Öksüz, su kullanımının hassasiyetle ele aldıkları konulardan olduğunu vurgulayarak şunları kaydetti:
"Dünyada yaklaşık 2 milyar insan güvenli içme suyuna erişemiyor. Türkiye'de su tedarikinde en büyük pay gıda ürünlerinde. Gıda sektörünü ise tekstil sektörü izliyor. Bu veriler bizlere sorumluluğumuzun ne kadar yüksek olduğunu gösteriyor. İTHİB olarak sürdürülebilirlik çalışmalarımızın merkezine su verimliliğini aldık. Sektörümüzde farkındalığı artırmak adına gerçekleştirdiğimiz eğitim faaliyetlerimizin ilk gündem maddesi her zaman su oldu. Firmalarımızın ufak yatırım kararları sadece su verimliliği sağlamakla kalmıyor orta ve uzun vadede firmalarımızın da üretim maliyetlerini kısan etkenlerin başında yer alıyor."

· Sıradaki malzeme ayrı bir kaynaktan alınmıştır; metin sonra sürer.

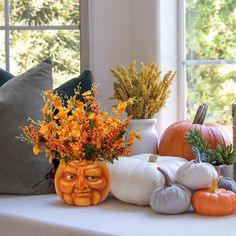 pumpkins, flowers and other decorative items sit on a window sill in front of a window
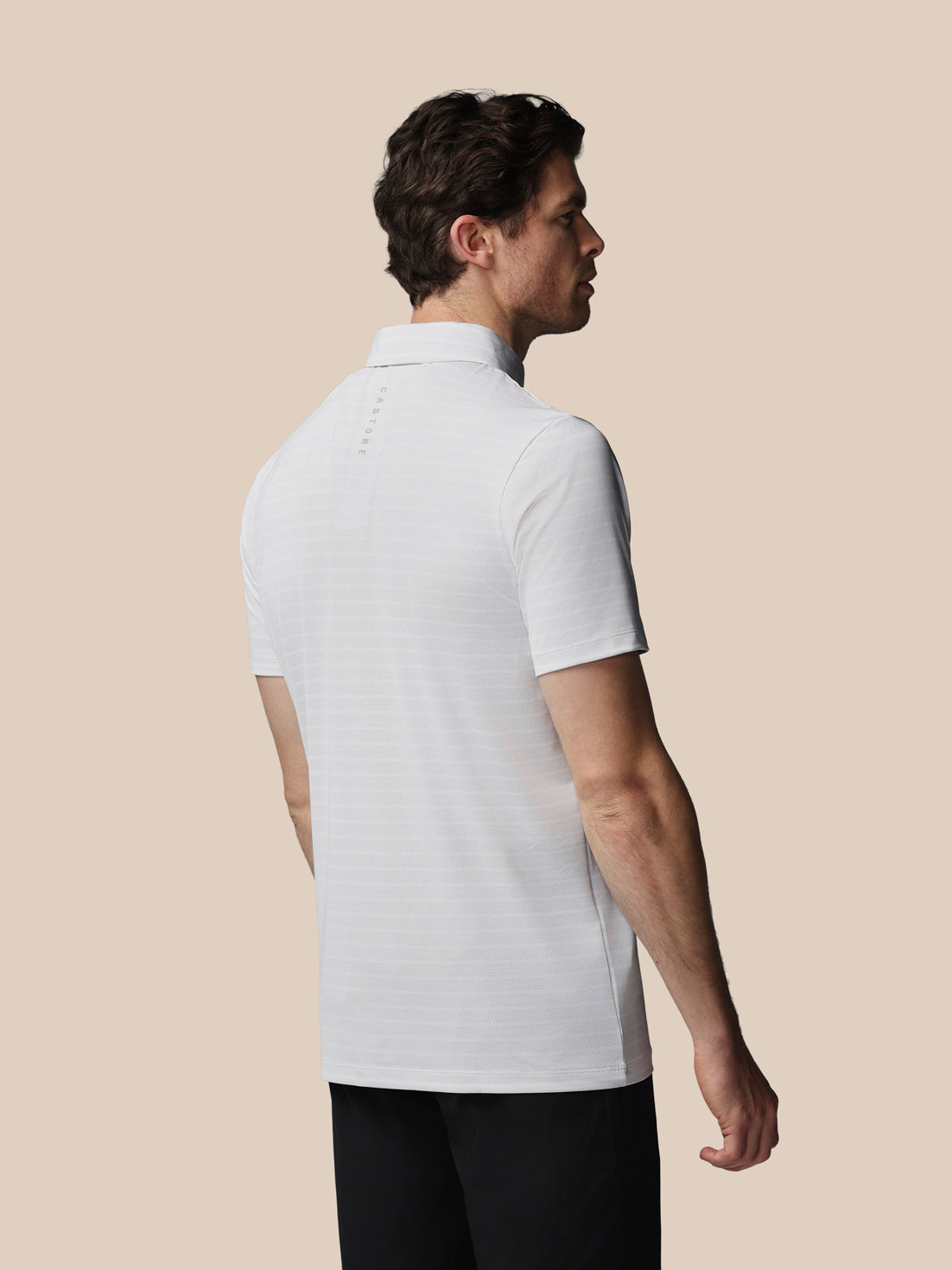 A man shown from the back wearing a white short-sleeve polo shirt and black pants, standing against a solid beige background.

"Tarımda verimli su kullanımı öncelikli hedefler arasında yer almalı"
İstanbul Hububat Bakliyat Yağlı Tohumlar ve Mamulleri İhracatçıları Birliği Yönetim Kurulu Başkanı Kazım Taycı da su kaynaklarının yönetiminde en önemli unsurun tarımsal sulama olduğunu söyledi.
Türkiye'de suyun 4'te 3'ünün tarımsal sulamada kullanıldığını dile getiren Taycı, "Bu nedenle sulama tesisleri inşa edilirken modern, tasarrufu en yüksek yağmurlama ve damlama sistemleri tercih edilmektedir. Böylelikle, yağmurlama sulamalarda yüzde 35, damla sulamalarda yüzde 65 oranında su tasarrufu sağlanmakta." diye konuştu.
Tarımsal sulamada klasik sistemlerden modern ve sürdürülebilir sistemlere geçişin hızlandırılmasının tasarruf açısından çok önemli olduğunu vurgulayan Taycı, "Tarım en fazla su kullanan sektör. Bu nedenle tarımda etkin su kullanımını sağlayan araç ve tekniklerin kullanımı ülkemizin öncelikli hedefleri arasında yer almalı. Bu noktada sulama suyu kalitesinin izlenmesi ve değerlendirilmesi çok önemli." dedi.